Instructions for the task
Only some lines are wanted. Transcribe, exactly, the lines below from the line with "Handle Mosaic Pin" up to and including the line with "Camisola Barcelona Travis".

Records shown
══════════════════════════════

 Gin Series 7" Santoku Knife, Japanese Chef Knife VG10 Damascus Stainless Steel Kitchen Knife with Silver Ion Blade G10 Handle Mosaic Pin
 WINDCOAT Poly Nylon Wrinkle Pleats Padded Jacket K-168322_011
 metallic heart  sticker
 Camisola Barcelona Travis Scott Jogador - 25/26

══════════════════════════════

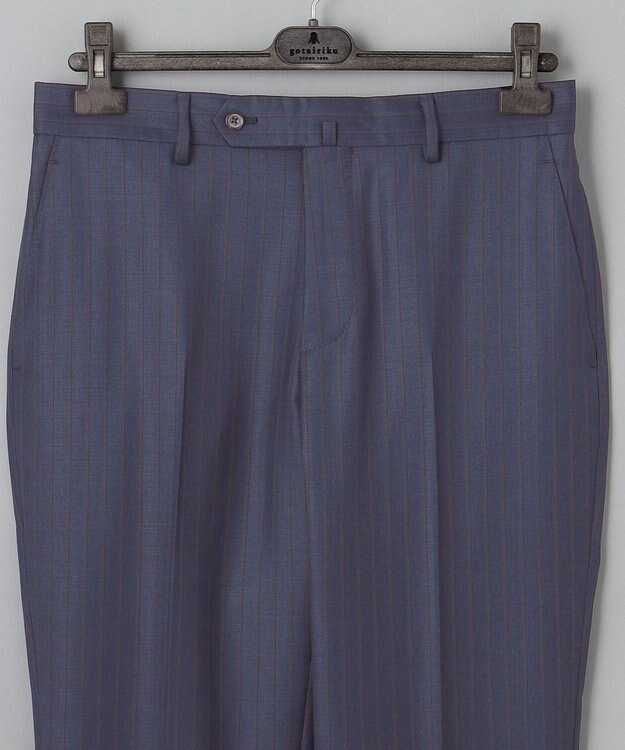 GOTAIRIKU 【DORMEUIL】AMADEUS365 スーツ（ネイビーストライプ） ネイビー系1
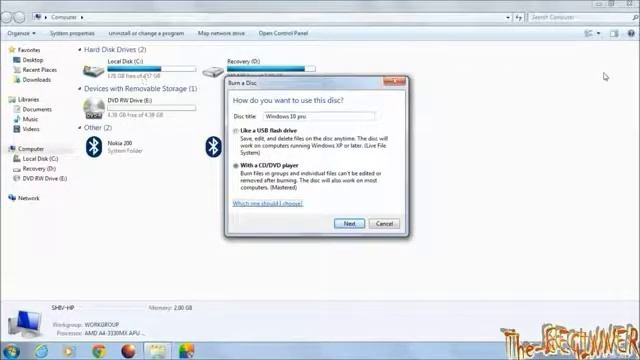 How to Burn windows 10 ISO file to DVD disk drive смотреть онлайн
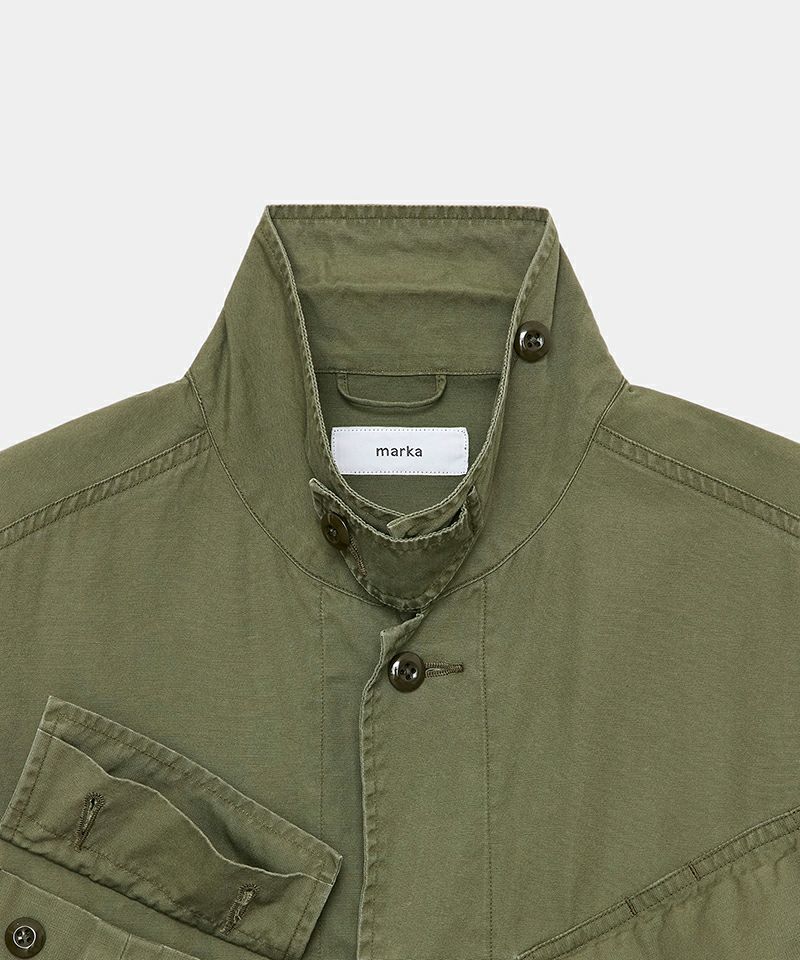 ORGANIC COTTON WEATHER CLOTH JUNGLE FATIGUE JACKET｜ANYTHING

══════════════════════════════

Written response
 Gin Series 7" Santoku Knife, Japanese Chef Knife VG10 Damascus Stainless Steel Kitchen Knife with Silver Ion Blade G10 Handle Mosaic Pin
 WINDCOAT Poly Nylon Wrinkle Pleats Padded Jacket K-168322_011
 metallic heart  sticker
 Camisola Barcelona Travis Scott Jogador - 25/26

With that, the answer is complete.